What is intergration?

Integration is a fundamental concept in calculus that involves finding the antiderivative or integral of a function. It is the reverse process of differentiation, which is concerned with finding the derivative of a function.

To find the integral of \(1/\sqrt(x^2 - a^2) dx\), we can use a trigonometric substitution.
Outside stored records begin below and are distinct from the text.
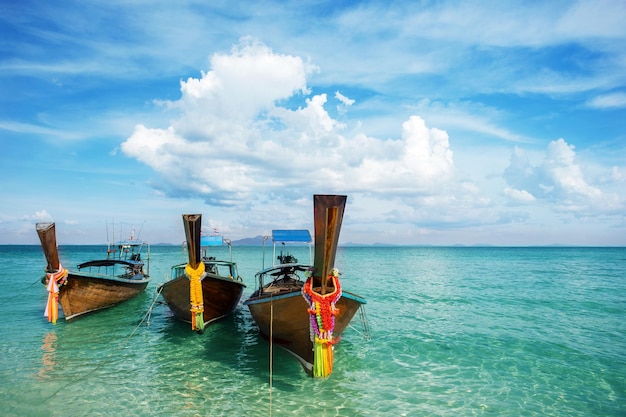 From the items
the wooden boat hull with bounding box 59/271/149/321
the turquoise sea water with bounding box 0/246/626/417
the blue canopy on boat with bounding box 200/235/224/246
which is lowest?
the turquoise sea water with bounding box 0/246/626/417

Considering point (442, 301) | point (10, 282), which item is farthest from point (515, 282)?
point (10, 282)

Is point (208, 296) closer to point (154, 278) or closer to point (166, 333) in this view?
point (166, 333)

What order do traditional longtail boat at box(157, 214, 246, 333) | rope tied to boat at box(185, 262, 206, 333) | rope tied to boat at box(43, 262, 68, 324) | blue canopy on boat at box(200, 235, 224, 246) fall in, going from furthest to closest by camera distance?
blue canopy on boat at box(200, 235, 224, 246)
rope tied to boat at box(43, 262, 68, 324)
rope tied to boat at box(185, 262, 206, 333)
traditional longtail boat at box(157, 214, 246, 333)

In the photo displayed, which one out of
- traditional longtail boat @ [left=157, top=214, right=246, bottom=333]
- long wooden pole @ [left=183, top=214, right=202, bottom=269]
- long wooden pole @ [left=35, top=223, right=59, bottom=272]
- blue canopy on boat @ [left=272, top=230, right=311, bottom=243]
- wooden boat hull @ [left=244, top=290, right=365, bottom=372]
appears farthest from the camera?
A: blue canopy on boat @ [left=272, top=230, right=311, bottom=243]

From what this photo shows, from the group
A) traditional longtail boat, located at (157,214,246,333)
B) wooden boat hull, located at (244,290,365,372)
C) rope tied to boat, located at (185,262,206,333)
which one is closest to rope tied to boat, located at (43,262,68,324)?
traditional longtail boat, located at (157,214,246,333)

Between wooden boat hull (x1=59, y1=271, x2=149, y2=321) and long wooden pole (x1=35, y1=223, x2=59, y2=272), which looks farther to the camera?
wooden boat hull (x1=59, y1=271, x2=149, y2=321)

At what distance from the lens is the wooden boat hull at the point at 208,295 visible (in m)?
15.4

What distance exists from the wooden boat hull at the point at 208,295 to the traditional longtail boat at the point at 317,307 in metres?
3.18

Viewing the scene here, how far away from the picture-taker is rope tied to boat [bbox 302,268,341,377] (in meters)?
9.81

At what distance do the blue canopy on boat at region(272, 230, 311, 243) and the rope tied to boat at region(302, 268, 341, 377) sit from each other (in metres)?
7.04

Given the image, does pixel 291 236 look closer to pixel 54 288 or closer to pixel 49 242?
pixel 49 242

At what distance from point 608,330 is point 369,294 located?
13985 mm

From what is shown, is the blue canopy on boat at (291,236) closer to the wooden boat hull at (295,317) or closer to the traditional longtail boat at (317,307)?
the traditional longtail boat at (317,307)

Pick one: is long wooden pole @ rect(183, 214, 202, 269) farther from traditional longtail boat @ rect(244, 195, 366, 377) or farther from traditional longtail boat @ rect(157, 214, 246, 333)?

Let's substitute \(x = a sec(\theta)\), where \(sec(\theta)\) is the reciprocal of the cosine function.

By making this substitution, we can express dx in terms of \(d(\theta)\) as follows:

\(dx = a sec(\theta) tan(\theta) d(\theta)\)

Now, let's substitute these values into the integral:

\(\int \frac{1}{\sqrt{x^2 - a^2}} dx\\\\= \int \frac{1}{\sqrt{(a \sec(theta))^2 - a^2}} (a \sec(\theta) \tan(\theta)) d(\theta)\\\\= \int \frac{1}{\sqrt{a^2(\sec^2(theta) - 1)}} (a \sec(\theta) \tan(\theta)) d(\theta)\\\\= \int \frac{1}{\sqrt{a^2(\tan^2(theta))}} (a \sec(\theta) \tan(\theta)) d(\theta)\\\\= \int \frac{1}{a \tan(theta)} (a \sec(\theta) \tan(\theta)) d(\theta)\)

Simplifying the expression, we have:

\(= \int \sec(\theta) d(\theta)\)

The integral of \(sec(\theta)\) can be evaluated as the natural logarithm of the absolute value of \(sec(\theta)\) plus the tangent\((\theta)\):

\(= \ln|\sec(\theta) + \tan(\theta)| + C\)

Finally, substituting back \(x = a sec(\theta)\), we get:

\(= \ln|\sec(\theta) + \tan(\theta)| + C\\\\= \ln\left|\frac{\sqrt{x^2 - a^2}}{a} + \frac{x}{a}\right| + C\)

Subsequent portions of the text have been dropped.